Content starts

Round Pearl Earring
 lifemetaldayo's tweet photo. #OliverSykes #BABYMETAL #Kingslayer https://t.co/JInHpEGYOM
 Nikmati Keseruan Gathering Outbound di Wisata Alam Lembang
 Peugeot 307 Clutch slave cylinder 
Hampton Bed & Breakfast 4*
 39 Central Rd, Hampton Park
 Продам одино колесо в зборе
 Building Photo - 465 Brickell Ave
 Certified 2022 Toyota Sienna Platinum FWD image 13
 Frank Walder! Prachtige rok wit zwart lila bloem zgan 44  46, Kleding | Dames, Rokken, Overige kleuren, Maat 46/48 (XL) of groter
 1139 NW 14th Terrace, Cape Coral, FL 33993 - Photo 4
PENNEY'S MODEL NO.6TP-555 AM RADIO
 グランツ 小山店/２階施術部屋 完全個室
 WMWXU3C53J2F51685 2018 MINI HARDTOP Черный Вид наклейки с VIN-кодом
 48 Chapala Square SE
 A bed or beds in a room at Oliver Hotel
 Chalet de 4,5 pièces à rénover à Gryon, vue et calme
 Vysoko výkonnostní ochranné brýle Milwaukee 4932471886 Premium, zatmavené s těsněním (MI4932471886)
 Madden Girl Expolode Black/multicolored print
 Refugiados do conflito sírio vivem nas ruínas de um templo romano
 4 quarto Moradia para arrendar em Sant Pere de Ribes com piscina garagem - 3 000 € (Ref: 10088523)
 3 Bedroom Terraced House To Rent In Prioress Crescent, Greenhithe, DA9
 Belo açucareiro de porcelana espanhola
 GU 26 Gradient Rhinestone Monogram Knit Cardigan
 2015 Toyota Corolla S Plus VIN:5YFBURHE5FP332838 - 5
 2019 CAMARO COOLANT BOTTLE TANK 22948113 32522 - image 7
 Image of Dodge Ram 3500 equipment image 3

Content ends

Your task>
Copy every line of the data where "Hampton" is found.

Response to this exercise>
Hampton Bed & Breakfast 4*
 39 Central Rd, Hampton Park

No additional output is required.